Qua, 02/11/2016 - 09:54
Pregar no deserto foi sorte que acompanhou profetas, nesta nossa civilização, longos milénios hesitante entre semear a solidariedade ou, pelo contrário, manter a selva predatória, sempre com renovadas ameaças, a ressurgir do sangue derramado na disputa de míseras migalhas do tempo.
Dificilmente haverá espectáculo mais penoso do que presenciar dois miseráveis a esgadanharem-se por uma côdea bolorenta, que pode matar quem lhe ferrar os dentes.
Visionários, alguns profetas foram desprezados, objecto de chacotas seculares, até que os tempos lhes deram razão. Mas, então, já nada havia que pudesse aconchegar arrependimentos, condenando comunidades, povos e nações ao verdadeiro nada.
Na tradição democrática europeia, os órgãos de comunicação social, sem presunção de profetizar, partilham a responsabilidade cívica de contribuir para trazer à praça pública as grandes questões que se colocam no exercício da cidadania. Por isso, o jornalismo nacional nos legou contributos de reflexão e propostas ponderosas de condução dos destinos nacionais e regionais, ao longo de décadas, mesmo quando poderes anti democráticos se instalaram sobre a generalizada demissão dos portugueses.
No entanto, tais contributos raramente foram tidos em conta pelos responsáveis políticos, muitas vezes com consequências nefastas para gerações sucessivas.
A lucidez e a serenidade também não têm encontrado terreno fértil entre os protagonistas da região, apesar de repetidos apelos para a identificação de opções comuns, de objectivos profícuos para todos os concelhos, em vez de insanas divisões.
Continuamos a ver aprofundar clivagens, a propósito de actividades fundamentais para a economia regional. Não podemos, assim, disfarçar o espanto por sentirmos que não há forma de que se aprenda a lição.
Nos últimos quinze dias realizaram-se dois certames relacionados com a castanha, o produto mais notável da Terra Fria transmontana.
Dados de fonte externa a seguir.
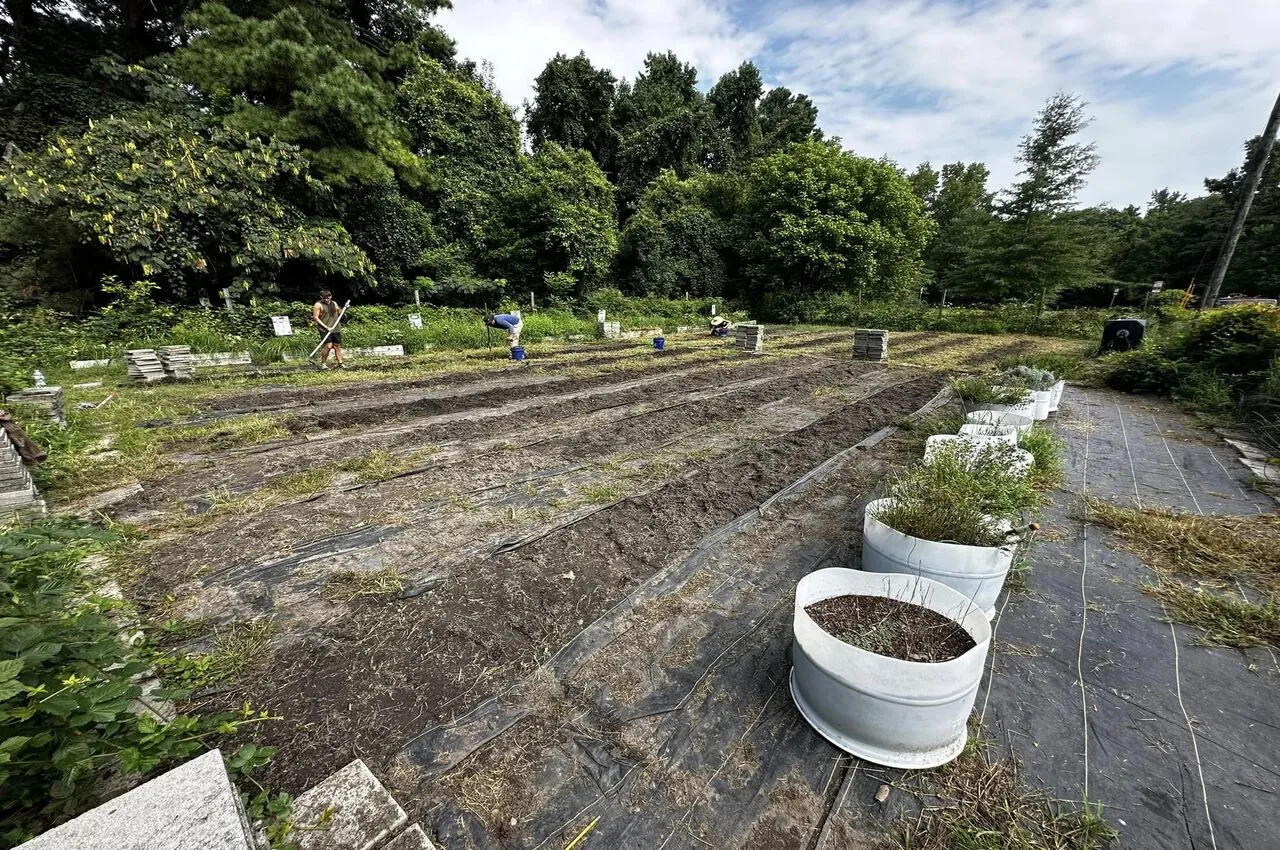 Various plants in a garden with trees on the side.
Depois de grande festa em Vinhais, o presidente do município de Bragança veio proclamar que o seu concelho reivindica tornar-se a capital da castanha, o que foi entendido como o retomar de uma guerra sem sentido, depois do que aconteceu com a instalação de dois matadouros, que mutuamente se inviabilizam e de escaramuças a pretexto dos recordes do Guiness, o maior assador do mundo versus o maior pote do universo.
O certame de Bragança, designado Norcaça, Norpesca & Norcastanha, já é, também ele, o resultado de outras guerras fratricidas, que condenaram à morte uma feira regional de caça, depois do município de Macedo de Cavaleiros ter marchado, entusiasticamente, contra os encontros venatórios em Bragança, pulverizando iniciativas no tempo e no espaço, com resultados que as reduziram à quase insignificância.
Apesar de ouvidos moucos, as palavras não são necessariamente loucas. A região está num estado de debilidade que não permite, se quisermos sobreviver, alimentar disputas. Não há mais tempo para feiras de vaidades. Encontrem formas de cooperar para que todos os nordestinos possam conhecer dias de serenidade, mesmo de esperança, em vez de nos empurrarem alegremente para as novas arenas, onde se celebra o silenciamento dos inocentes.